Secondly, the markets took another blow with South Africa again among the hardest hit.
These two issues represent intimidating challenges in ensuring that our retirement savings will be sufficient to ensure a contented retirement.
If government goes ahead with the proposals of the National Consultative Retirement Forum (they are only proposals at this stage) to convert to defined contribution funds, the consequences will be enormous for about a million odd people who are members of the funds.
This will also have a major impact on the economy, similar in scale to the proposed demutualisation of life assurance companies Old Mutual and Sanlam.
The most immediate consequence will be the release into the economy for investment of R100 billion, of which a large proportion is likely to be switched from its current home in government bonds to the share market.
This could have a two-fold effect of pushing up the cost of government borrowing while chasing share prices higher.
The reasons for this are that the government pension funds have been forced to invest about 90 percent of the funds they manage in government bonds (or loans to the government). This has meant a captive ready supply of borrowings for government. Take away that source and government is going to have to find more money in the private sector capital markets. If this creates, as it is likely to do, a greater shortage of money available for borrowing, interest rates will go up.
For the individual members of the funds the announcement is generally good news. Firstly the government will now have to make up the shortfall in funding created by the previous government, which plundered the funds, to meet its spendthrift ways (something for which any private sector fund manager would have received a jail sentence).
This will provide civil servants with greater protection, lessening the chances that they could find themselves in the same position as social pensioners in the Eastern Cape, who were disgracefully the soft target of appalling regional government spending allocations this month.
When the funds are fully funded and are under the defined contribution scheme government will also have to give the trustees of the funds full discretion in investment to get the best returns for their members. This will give additional security to members against a government intent on raiding someone else's piggy bank.

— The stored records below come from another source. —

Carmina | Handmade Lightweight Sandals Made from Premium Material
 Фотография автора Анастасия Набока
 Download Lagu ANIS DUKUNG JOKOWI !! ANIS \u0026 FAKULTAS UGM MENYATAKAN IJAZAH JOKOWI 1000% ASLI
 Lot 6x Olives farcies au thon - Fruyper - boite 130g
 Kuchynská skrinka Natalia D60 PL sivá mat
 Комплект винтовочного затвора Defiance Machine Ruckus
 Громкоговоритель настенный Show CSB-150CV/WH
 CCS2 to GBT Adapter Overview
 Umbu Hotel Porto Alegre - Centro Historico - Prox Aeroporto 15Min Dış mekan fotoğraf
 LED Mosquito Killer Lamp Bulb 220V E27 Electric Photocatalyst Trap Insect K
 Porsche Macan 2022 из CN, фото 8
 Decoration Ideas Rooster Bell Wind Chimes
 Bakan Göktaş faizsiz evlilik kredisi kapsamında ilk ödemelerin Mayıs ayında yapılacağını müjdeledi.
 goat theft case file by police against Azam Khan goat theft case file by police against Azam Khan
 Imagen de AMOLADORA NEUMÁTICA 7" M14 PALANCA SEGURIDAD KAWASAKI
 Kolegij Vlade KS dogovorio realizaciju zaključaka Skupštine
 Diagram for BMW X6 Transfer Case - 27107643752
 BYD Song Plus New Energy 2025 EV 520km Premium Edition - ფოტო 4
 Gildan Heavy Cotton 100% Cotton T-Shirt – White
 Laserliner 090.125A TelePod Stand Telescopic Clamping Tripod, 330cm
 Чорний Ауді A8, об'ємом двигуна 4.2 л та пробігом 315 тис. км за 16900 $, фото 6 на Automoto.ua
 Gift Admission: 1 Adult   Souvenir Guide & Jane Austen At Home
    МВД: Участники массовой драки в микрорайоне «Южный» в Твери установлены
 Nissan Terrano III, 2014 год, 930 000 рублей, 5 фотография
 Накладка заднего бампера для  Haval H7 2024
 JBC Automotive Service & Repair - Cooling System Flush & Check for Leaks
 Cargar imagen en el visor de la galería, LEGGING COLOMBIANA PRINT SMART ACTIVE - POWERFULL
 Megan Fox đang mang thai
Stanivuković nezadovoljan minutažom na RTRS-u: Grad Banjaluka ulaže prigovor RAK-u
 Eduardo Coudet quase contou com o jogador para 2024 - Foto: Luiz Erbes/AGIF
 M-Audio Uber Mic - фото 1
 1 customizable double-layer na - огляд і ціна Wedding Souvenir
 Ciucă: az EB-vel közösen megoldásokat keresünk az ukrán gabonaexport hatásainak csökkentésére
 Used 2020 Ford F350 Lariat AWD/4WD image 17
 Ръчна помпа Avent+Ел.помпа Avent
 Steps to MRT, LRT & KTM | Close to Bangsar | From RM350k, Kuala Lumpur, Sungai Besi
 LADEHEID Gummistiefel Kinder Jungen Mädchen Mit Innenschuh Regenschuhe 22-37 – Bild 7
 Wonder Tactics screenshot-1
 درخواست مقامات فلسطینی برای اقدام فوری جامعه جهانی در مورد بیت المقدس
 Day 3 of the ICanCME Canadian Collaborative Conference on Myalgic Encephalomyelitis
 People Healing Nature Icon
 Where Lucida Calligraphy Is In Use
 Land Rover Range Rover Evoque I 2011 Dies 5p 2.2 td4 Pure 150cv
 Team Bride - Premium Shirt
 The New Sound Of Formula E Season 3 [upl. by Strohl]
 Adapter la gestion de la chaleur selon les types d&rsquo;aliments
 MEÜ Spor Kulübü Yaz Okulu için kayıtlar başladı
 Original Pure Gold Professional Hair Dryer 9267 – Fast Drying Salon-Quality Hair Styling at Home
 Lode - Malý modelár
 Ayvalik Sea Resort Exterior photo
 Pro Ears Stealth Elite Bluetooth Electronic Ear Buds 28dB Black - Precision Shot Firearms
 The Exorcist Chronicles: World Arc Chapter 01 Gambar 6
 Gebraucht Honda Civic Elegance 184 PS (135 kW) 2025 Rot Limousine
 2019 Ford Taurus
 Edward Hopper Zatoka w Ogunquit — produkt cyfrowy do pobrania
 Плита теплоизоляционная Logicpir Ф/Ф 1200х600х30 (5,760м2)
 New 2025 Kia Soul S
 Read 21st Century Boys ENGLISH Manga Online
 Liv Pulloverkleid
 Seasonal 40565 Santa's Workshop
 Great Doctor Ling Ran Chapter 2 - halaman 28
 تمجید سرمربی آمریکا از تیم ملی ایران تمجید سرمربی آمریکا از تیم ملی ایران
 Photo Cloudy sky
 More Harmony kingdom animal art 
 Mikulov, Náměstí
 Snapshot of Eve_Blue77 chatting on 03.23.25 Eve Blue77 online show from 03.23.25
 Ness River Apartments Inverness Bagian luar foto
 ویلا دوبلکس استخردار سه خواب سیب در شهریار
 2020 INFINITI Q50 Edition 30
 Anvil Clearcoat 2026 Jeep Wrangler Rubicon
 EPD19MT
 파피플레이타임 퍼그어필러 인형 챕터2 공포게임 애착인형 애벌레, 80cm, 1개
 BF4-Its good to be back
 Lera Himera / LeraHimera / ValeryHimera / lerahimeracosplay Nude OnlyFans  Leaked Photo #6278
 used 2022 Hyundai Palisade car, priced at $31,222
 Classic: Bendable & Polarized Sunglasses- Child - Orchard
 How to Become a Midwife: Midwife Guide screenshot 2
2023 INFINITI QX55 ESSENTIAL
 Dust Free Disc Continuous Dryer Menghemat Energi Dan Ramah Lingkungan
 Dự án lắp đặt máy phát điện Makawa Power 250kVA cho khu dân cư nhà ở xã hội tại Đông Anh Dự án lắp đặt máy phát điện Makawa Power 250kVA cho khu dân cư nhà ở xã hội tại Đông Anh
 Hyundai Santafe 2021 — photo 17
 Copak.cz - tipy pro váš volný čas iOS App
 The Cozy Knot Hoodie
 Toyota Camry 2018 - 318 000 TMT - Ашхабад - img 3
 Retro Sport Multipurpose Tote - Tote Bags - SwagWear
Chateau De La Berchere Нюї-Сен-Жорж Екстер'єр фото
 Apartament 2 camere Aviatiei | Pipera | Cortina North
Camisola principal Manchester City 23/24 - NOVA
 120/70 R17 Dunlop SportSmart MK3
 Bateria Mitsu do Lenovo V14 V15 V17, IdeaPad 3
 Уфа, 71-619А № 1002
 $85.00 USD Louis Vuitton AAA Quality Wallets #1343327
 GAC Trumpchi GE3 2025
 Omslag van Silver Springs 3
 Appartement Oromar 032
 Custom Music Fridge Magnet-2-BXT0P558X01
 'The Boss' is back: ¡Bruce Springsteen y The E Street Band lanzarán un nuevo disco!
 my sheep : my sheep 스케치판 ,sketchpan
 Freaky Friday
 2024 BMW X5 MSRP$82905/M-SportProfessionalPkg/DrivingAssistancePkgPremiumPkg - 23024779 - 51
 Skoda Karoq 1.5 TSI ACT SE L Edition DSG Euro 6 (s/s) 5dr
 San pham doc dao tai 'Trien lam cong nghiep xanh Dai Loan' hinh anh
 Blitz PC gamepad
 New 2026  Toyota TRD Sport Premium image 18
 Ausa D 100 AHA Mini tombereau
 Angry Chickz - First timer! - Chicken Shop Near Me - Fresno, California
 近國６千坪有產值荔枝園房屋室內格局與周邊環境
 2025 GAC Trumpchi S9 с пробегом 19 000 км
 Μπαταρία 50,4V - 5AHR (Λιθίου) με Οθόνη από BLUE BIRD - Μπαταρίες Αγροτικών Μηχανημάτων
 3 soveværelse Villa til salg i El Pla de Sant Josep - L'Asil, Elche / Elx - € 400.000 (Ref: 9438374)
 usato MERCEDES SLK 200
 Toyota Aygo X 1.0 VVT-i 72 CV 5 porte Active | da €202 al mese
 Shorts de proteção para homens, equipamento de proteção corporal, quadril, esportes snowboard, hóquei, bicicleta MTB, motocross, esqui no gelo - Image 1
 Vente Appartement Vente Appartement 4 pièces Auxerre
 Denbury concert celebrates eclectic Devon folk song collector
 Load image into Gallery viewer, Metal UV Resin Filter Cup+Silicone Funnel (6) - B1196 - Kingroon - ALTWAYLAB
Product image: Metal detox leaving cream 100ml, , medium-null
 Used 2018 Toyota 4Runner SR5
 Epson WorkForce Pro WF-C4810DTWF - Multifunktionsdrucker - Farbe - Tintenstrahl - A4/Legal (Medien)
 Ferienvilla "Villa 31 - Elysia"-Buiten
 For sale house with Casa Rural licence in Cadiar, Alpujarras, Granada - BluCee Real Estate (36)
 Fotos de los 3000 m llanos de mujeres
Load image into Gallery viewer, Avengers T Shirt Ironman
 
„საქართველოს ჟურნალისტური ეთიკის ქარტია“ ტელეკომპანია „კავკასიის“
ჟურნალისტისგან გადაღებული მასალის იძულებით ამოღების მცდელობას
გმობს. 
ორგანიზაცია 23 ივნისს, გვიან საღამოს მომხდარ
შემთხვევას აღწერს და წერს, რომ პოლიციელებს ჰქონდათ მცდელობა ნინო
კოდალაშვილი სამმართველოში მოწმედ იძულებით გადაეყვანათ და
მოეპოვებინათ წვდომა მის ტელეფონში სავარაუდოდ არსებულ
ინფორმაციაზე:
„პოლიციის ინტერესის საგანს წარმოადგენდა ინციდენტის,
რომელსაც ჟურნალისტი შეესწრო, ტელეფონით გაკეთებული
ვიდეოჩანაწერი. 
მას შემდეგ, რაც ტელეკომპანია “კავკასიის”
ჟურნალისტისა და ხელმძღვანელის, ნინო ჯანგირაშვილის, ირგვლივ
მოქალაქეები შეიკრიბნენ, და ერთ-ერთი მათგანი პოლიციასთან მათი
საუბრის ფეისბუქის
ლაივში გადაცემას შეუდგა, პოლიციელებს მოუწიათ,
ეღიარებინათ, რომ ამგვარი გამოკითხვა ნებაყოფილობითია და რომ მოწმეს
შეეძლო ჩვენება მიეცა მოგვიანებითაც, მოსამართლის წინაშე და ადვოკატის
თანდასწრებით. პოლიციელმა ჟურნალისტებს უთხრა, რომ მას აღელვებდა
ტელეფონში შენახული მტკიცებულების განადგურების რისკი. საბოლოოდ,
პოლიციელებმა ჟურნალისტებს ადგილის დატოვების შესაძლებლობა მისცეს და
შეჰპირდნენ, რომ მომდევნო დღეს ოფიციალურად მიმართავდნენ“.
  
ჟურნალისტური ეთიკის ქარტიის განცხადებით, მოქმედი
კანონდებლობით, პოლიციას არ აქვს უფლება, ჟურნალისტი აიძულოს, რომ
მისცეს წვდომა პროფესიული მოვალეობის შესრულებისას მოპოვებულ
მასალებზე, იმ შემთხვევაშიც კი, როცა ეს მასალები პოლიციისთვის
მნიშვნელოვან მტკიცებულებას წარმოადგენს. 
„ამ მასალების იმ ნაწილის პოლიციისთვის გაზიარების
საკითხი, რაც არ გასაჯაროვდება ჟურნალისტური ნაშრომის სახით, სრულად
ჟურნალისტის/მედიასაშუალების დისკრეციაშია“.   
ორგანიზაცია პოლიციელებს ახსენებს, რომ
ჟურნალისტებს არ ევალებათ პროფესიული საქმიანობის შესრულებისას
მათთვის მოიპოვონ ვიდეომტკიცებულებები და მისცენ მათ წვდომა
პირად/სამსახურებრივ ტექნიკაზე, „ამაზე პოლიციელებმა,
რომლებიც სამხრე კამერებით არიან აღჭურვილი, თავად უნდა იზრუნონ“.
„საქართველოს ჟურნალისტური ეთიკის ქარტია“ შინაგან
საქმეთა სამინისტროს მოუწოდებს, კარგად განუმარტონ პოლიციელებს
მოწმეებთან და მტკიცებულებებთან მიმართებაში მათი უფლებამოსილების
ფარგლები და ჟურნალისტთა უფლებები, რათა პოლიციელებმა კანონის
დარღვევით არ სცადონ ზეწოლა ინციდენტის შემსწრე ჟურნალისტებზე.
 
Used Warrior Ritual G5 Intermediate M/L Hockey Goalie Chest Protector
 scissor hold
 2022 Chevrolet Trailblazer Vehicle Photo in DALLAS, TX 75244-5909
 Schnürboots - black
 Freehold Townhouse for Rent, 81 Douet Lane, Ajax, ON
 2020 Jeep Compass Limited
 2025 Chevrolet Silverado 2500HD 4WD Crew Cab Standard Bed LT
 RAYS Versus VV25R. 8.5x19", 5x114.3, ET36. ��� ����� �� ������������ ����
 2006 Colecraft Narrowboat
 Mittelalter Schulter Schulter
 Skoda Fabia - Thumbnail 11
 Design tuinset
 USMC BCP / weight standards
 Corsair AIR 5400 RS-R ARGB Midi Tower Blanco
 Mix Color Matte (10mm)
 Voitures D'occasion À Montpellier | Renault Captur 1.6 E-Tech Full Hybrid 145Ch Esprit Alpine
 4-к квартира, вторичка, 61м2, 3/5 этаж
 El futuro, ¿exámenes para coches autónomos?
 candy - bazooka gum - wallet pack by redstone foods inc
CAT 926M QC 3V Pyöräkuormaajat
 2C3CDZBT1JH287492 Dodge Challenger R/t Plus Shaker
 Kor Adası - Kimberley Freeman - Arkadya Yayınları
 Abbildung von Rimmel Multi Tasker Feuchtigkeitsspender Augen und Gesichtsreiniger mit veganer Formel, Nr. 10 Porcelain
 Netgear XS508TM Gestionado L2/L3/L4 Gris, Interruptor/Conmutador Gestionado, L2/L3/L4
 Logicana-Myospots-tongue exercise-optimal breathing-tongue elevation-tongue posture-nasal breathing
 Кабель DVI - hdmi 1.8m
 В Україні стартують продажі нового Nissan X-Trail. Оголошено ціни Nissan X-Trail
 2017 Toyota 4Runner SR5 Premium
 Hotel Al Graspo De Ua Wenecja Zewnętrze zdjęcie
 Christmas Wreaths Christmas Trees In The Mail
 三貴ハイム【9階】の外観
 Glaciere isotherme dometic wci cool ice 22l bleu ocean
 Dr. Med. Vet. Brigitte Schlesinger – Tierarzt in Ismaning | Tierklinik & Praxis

But with this greater security will come greater risk. It is the members who will have to carry the risk of investment performance and ensuring that their savings are carefully invested when they retire to ensure a continual flow of funds, which keeps up with inflation.
It is this investment risk that has been highlighted by the recent investment market volatility around the world.
It is also the reason why Personal Finance has for the past two years been warning anyone who has to make a choice between a defined benefit and a defined contribution fund, whether in the private or public sector, to do so with great care. A sustained downturn in the market, particularly shortly before retirement, can dramatically reduce the possibility of a financially carefree retirement.
Of course the opposite is also true. Sustained bull markets could lead to a far higher standard of living in retirement. The point is you need to be aware of the risks because they are all yours on a defined contribution scheme not your employer's.